On the second tier, prevention means helping troubled young people who are at risk before they start down the pathway toward violence. Put an armed guard in a school and you might prevent one shooting in one building. Put a counselor or psychologist in a school and you have the potential to prevent shootings in any building anywhere in your community.
The third tier is to identify and intervene with students who are moving down a pathway toward violence, which brings me to threat assessment and how it works.
What makes threat assessment work
Threat assessment is a safe and effective way to help students who have themselves threatened violence. It is a systematic process of evaluation and intervention for persons who have made verbal or behavioral threats of violence against others.
Threat assessment was originally developed by law enforcement to protect public figures, such as the president of the United States and foreign leaders. It then expanded to business and is widely used by corporations to prevent workplace violence.
Twenty years ago, the FBI and Secret Service recommended that threat assessment be used in schools. After participating in the FBI study of school shootings in 1999, I became intrigued by this idea. My colleagues and I worked with a group of educators to develop a threat assessment model for schools.
Not assassins and terrorists
Over the past 17 years we have refined our model, published a detailed manual, disseminated it to thousands of schools and conducted 11 studies of its effects. One of our key lessons learned is that threat assessment is a good prevention strategy, but that the particular situation of each school needs to be taken into account.
The traditional law enforcement approach to threat assessment is focused on assassins and terrorists, but when it comes to schools, the focus is primarily on kids, who make threats frequently when they are angry, upset or just trying to gain some attention. In our first study, for example, we found that the age group that makes the most threats to kill are elementary school students.

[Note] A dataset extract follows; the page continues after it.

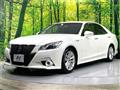 2013 Toyota Crown Hybrid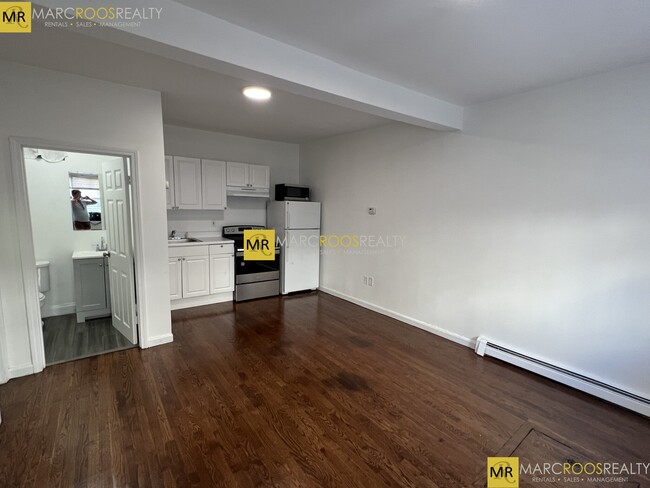 Photo - 269 Bolton St Unidad 2A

In almost all cases, students need counseling and discipline, not criminal charges. In school threat assessment, you must be careful not to overreact to student threats. The process must be calibrated to deal with kids, not adults.
Evaluating the evidence
In four studies, we have found that fewer than 1 percent of students seen for a threat assessment carry out their threats. There have been fights, but none of the hundreds of threats to kill, shoot or seriously injure someone was carried out. Furthermore, three controlled studies found that schools using threat assessment had less student aggression, such as bullying and fighting, than schools that did not use threat assessment.
My conclusion is that the rush to increase security measures should not overshadow measures that have been proven to prevent violence.
In order to reduce gun violence in American communities and schools, policymakers and school leaders should adopt a threat assessment approach. This is a tool that, if properly adapted to the school setting, will not stigmatize or punish minor misbehavior but will allow schools to identify those students who are in need of mental health services and other support. And critically, in the small number of very serious threats, schools can recognize the danger, collaborate with law enforcement and keep schools safe.